The lady who lives next door is bitter because she had to take out her own garbage. Three days a week that damned cleaning lady has off. Why does she need an extra day just because her grandchild has the chickenpox? My neighbor tosses her head in anger and tells me that her home (at least this week) is like living in a slum. The projects of Mariemont, she says. I want to bitch slap that stupid fucking scrooged up, purse-lipped, dry grey curl framed face. Bite me, Old Lady Next Door. You've never seen a housing project in your life. I have. I'll bet your cleaning lady has, too.
She's what I've always feared becoming. This is why event-inflamed anger is more of a tool for me than a way of life. If it isn't gone within a month of the actual anger-provoking event, I realize that something is terribly wrong. Not that I don't have oceans of anger. I'm pretty sure everyone does. But bitter...is an oil slick. It prevents the oceans from evaporating into clouds like they should. There is no homeostasis when your life is a patchwork quilt of haphazard oil slicks.
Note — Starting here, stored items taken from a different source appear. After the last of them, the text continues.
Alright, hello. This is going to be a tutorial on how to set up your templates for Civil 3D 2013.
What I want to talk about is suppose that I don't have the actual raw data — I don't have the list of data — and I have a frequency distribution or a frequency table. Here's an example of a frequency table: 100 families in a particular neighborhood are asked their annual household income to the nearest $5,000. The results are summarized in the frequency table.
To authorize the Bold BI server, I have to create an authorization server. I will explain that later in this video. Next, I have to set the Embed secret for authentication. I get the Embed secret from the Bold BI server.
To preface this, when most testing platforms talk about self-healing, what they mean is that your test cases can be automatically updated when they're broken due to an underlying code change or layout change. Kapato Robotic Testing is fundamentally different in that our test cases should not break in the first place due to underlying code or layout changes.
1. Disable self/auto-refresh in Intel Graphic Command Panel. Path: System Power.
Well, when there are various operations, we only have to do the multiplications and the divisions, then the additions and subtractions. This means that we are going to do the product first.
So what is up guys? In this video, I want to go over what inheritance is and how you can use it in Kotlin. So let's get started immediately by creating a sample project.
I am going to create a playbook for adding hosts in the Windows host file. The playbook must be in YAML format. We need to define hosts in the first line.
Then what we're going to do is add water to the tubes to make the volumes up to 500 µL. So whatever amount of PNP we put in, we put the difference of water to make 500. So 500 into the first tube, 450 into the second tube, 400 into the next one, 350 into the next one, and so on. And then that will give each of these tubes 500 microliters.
Anger should be a catalyst. It makes storms. Bitterness keeps our poles shifty and our periods of calm more unusual than our hurricanes. Where's the fucking fun in that?!
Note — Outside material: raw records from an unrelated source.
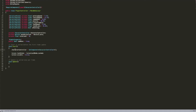Inside the Start method, which is called before the first frame of Update, we're going to set our characterController equal to GetComponent CharacterController — so it gets the one attached to our game object. Then we say Cursor.lockState equals CursorLockMode.Locked so we can't move our cursor while playing, and Cursor.visible equals false so we also won't see our cursor.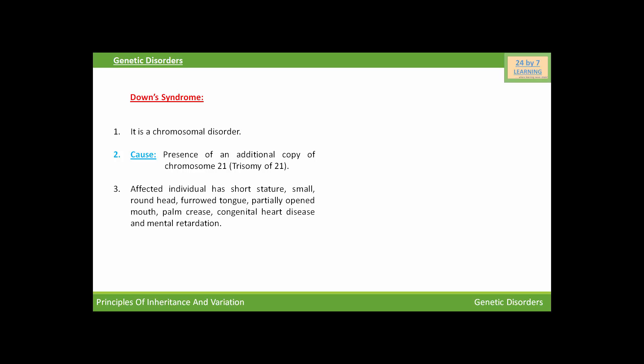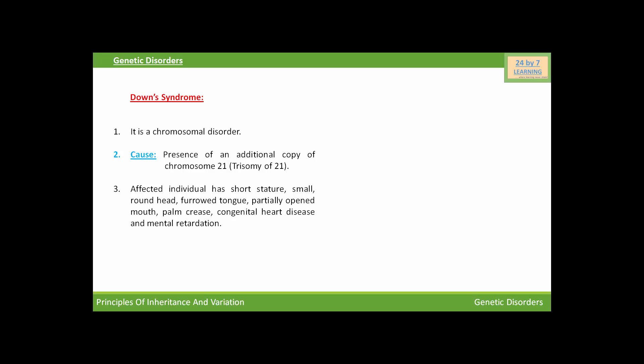The affected individual of Down syndrome has short stature, small round head, poor tongue, partially opened mouth, palm crease, congenital heart disease, and mental retardation. You can see in this picture this child is the victim of Down syndrome.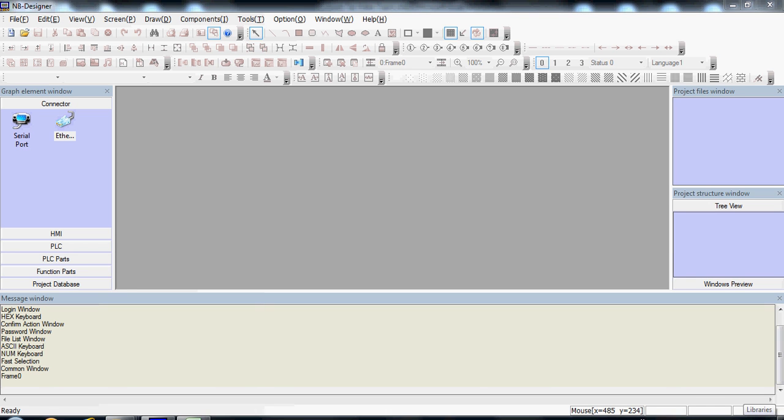Hello and welcome to Omron's Quick Tip video series. This video is on how to start a new NB Designer project and configure communication in the Construct view.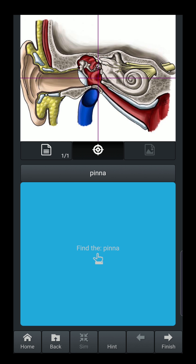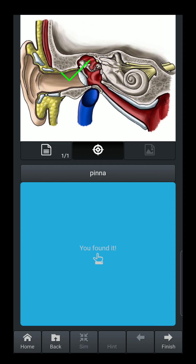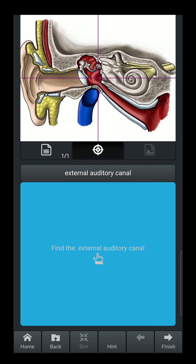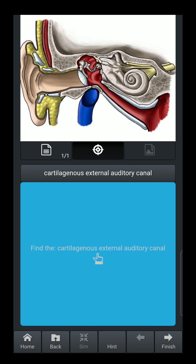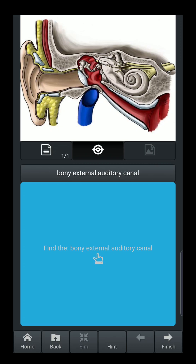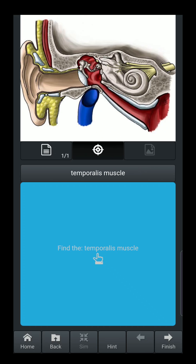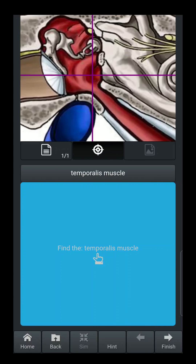The targeting mechanism appears, and you move it to where the pinna is and tap on the blue screen. It verifies that you've hit that anatomy, then automatically goes to the next target to identify — in this case, the external auditory canal. If you want to magnify the top screen, you can use the pinch technique on the upper portion of the screen to enlarge the image, which is useful when dealing with smaller structures of the inner ear.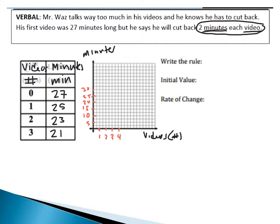Now I'm going to take this data and graph it. At zero videos, my initial value is all the way up at 27, so I'll place that right there. At one video, I'm at 25. At two videos, it's about 23 — about halfway between. At three videos, I'm at about 21. When I plot these points, I obviously get a linear function. This is stuff we've done last chapter — taking a table and plotting it on a graph.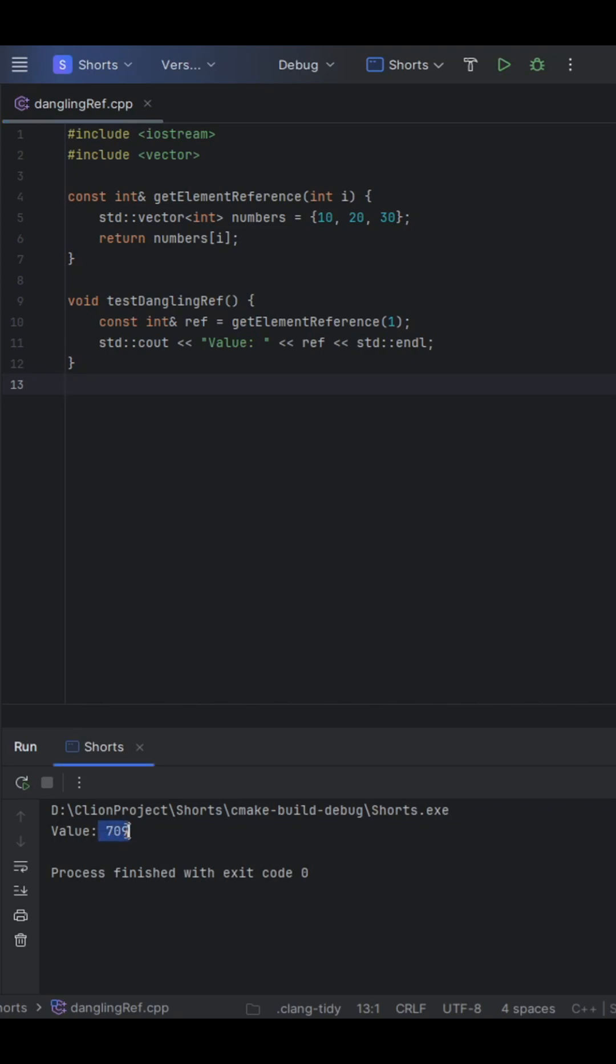As you can see, we get some sort of junk value here that is not the 20 that we ultimately expect. But why is that?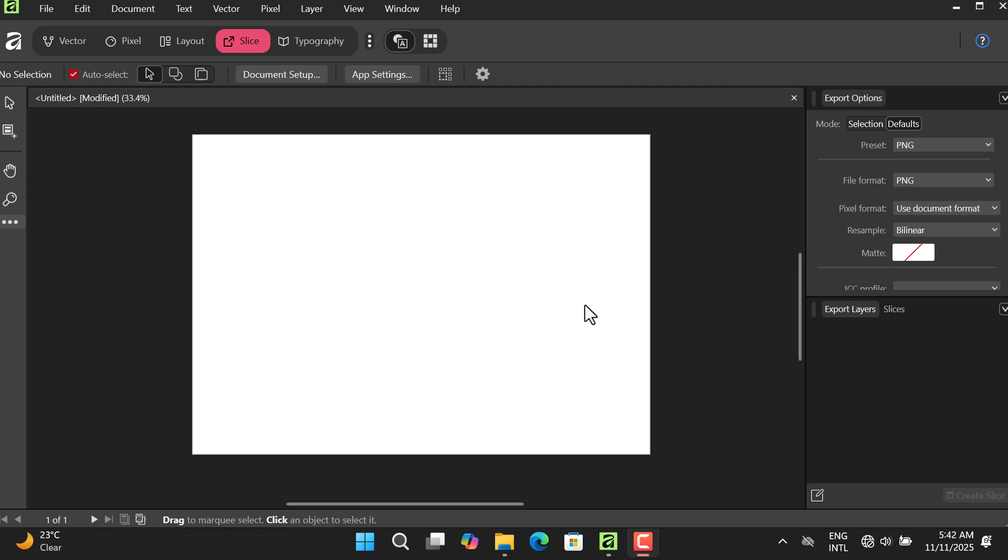What's good guys, welcome back to the channel. So today we are going to learn the Slice Studio inside Affinity, and this is very simple actually. What the Slice Studio does is it helps you to export parts of your design, not the whole design.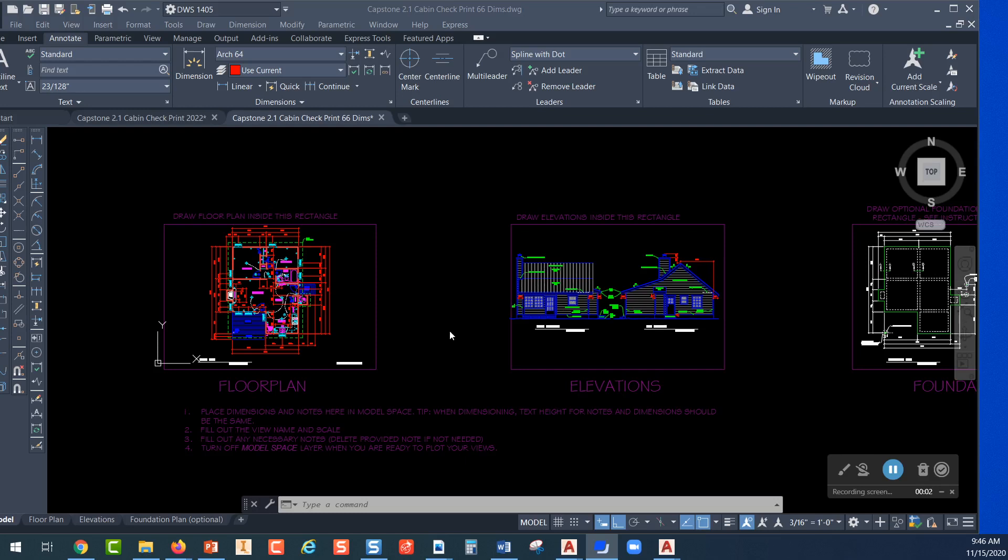In this video I'm going to show you how to set the scale for printing the cabin project. When you finish drawing the floor plan and the elevations of the cabin project, you're going to switch over to paper space and print these two sheets.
My friend Jason and I used to joke that you slum it in Mariemont until you inherit your parent's house in Indian Hill. Now, here I am, listening to Coltrane's "Village Blues" on my fucking iPod, leaving crumbs of sketch paper on the too-shiny tabletops of the Starbucks across the street from my apartment. Howling in Mariemont. I can hardly stand that the only Afro-American faces I see are sprouting from the necklines of service-job uniforms. It is difficult to swallow how happy I am, despite that. Life sucked balls there for a while. Now, it's a day-long happygasm from the moment I wake up. Sometimes, I can't stop grinning long enough to sleep.
People like that fool next door always remind me that other people are the fucking least of my worries and the reason it's good to NOT be them. Perspective, in this case, is as glorious as the autumn sunset that shines in my face as I write this. It's the math degree I'm getting after a lifetime of my drunken mother spitting her own failure into my face. It's the abusive ex-boyfriend who'll be having sub-standard sex for the rest of his life after me. It is the irony of knowing that winning anything is an illusion but that those people will die thinking that they lost. That irony, my friends, is as bitter as a rancid birthday cake but exactly the kind of sweet exsanguination that keeps me smiling.
There is no such thing as failure. There's only dust that you either brush off or leave to turn into mud when it rains.
Tuesday, September 23, 2008
Monday, April 28, 2008
Old Lady-Crazy
I just devoured "Notes on a Scandal" in less than 24 hours. This is the most deliciously obsessive catalog of beautifully rendered rationalization and predation I've ever read. If you haven't read the book and you're into observing weirdos, I highly suggest you pick this one up. Compared to the book (a stew that is thick and warm enough to waft from the page and into your nostrils), the film is like hard plastic.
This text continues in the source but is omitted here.